O fato social é que a explosão dos preços aumenta ainda mais as preocupações dos trabalhadores. Afinal, seus salários e sua reprodução física e de seus filhos dependem imediatamente destas relações econômicas fundamentais do atual regime de exploração entre o lucro dos capitalistas e a renda dos proprietários fundiários. Vimos no último boletim como estes últimos são majoritariamente encarnados na China pelos “funcionários locais” do assim chamado “Partido Comunista Chinês”. Muita podridão a ser devidamente considerada na arma da crítica e pela crítica das armas.
Só nas quatro últimas semanas, até 22 de outubro, os preços de vegetais no atacado aumentaram 28%. Estão no nível mais alto desde fevereiro deste ano, mostram os dados mais recentes do Ministério do Comércio.

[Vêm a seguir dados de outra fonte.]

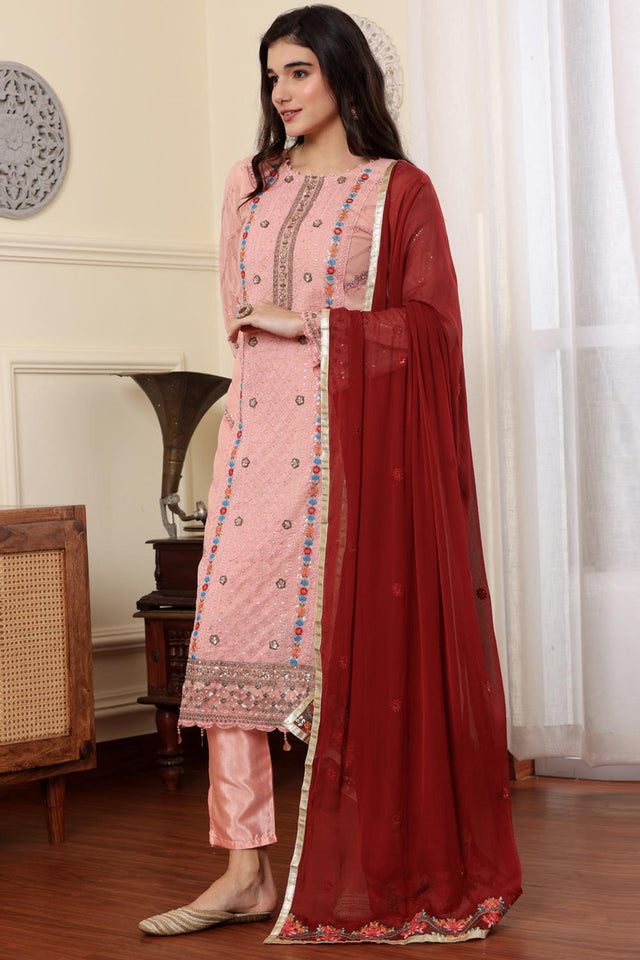 Pink Georgette Embroidered Pakistani Suit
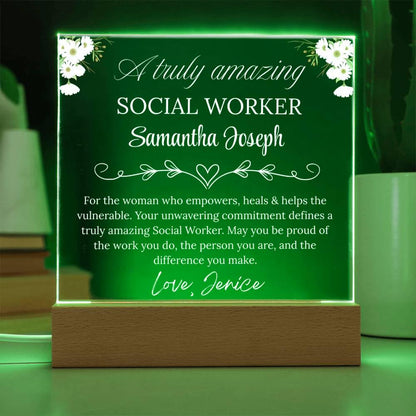 Personalized Social Worker Gift Acrylic Plaque With LED Base – view 10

Couve-flor e brócolis custam cerca de 50% a mais, enquanto o espinafre aumentou 157% no período de quatro semanas.
Passeando pelo Xinfadi, um planetário supermercado atacadista de alimentos na zona sul de Pequim, que fornece 90% das frutas e vegetais consumidos na capital, além de frutos do mar e carnes, pode-se presenciar que um saco de meio quilo de alface ou espinafre custou até 8 yuans (US $ 1,25) na última quarta-feira. A mesma quantidade de carne de porco custava cerca de 8 a 10,5 yuans, e a de frango, de 7 a 10 yuans.
De acordo com a mesma matéria Deutsche Welle, a orientação do governo para estocar alimentos provocou medo na população de que a medida poderia ter sido desencadeada não só pelo mercado, mas também pelas tensões elevadas com Taiwan nas últimas semanas.

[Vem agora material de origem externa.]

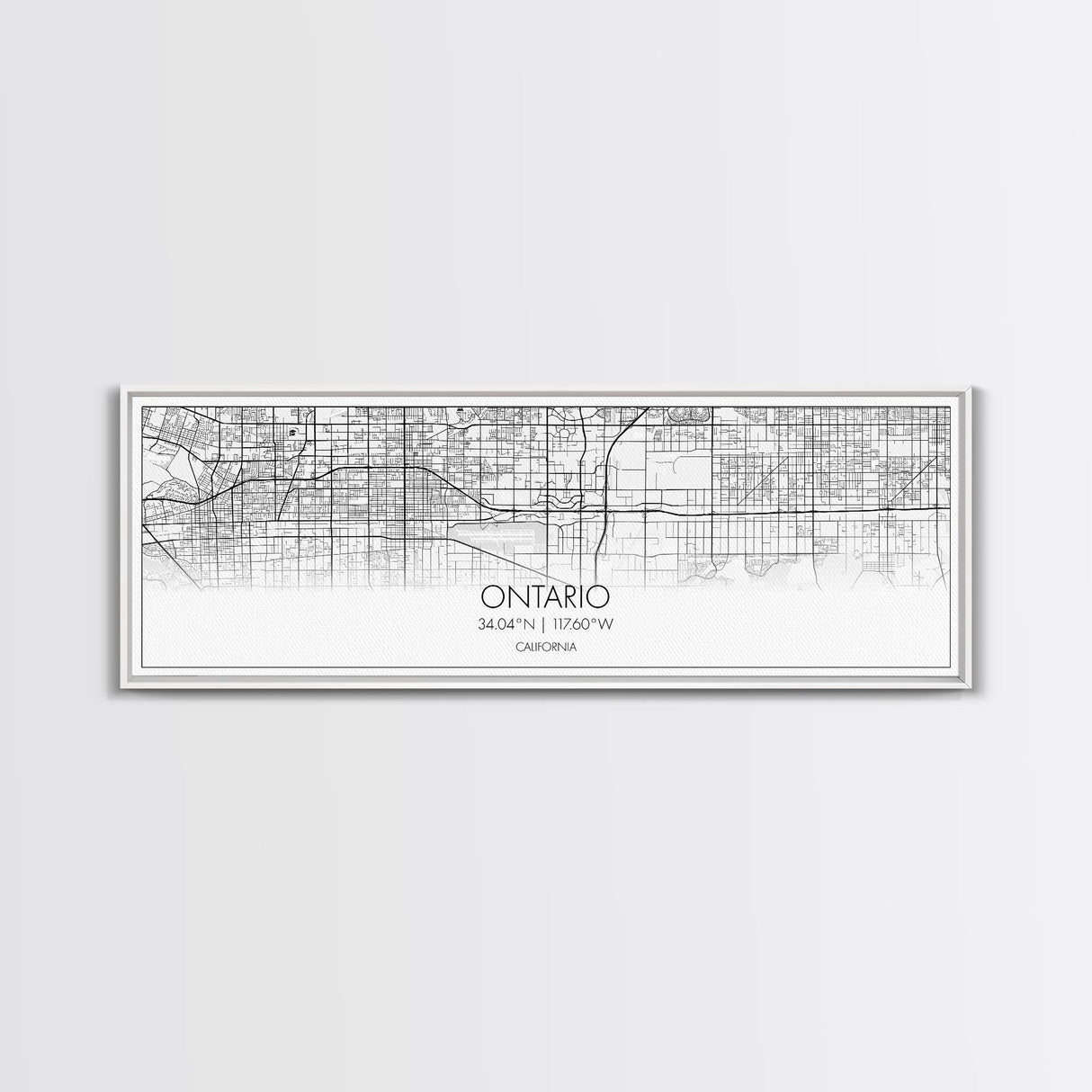 Panoramic Ontario City Map, California Art, Map Print, Minimalist Wall Art, Canvas Art, Housewarming Gift, Street Map Art, Closing Gift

Eis uma preocupação bem mais inteligente e, portanto, muito mais plausível, do que a versão oficial de novas variantes do Covid-19 e outras bobagens vendidas à opinião pública.
Quando a economia e o social se interpenetram com a geopolítica estão dadas as condições necessárias para uma tempestade perfeita. A forma e intensidade desta tempestade devem estar povoando a imaginação da opinião pública chinesa.
Cenas de alarme na paisagem das cidades chinesas. Em postagens nas redes sociais, relatos que as pessoas correram para estocar arroz, óleo de cozinha e sal, enquanto a imprensa local chegou a publicar listas de bens recomendados para estocar em casa, incluindo biscoitos, macarrão instantâneo, vitaminas e lanternas.
O governo sentiu o golpe. A resposta aos sinais de pânico da população veio já em 2 de novembro, no dia seguinte, por meio de uma publicação no jornal Economic Daily, ligado ao onipresente Partido Comunista Chinês, em cuja publicação seus indefectíveis “planejadores estatais” comunicam à opinião pública com todas as letras que o objetivo era garantir que os cidadãos não fossem pegos de surpresa se houvesse um lockdown de Covid-19 em sua região. Bobagem.
Enquanto isso, nas prateleiras do Xinfadi os preços continuam subindo e os estoques caindo.
José Martins é economista.
Artigo originalmente publicado no site Crítica da Economia.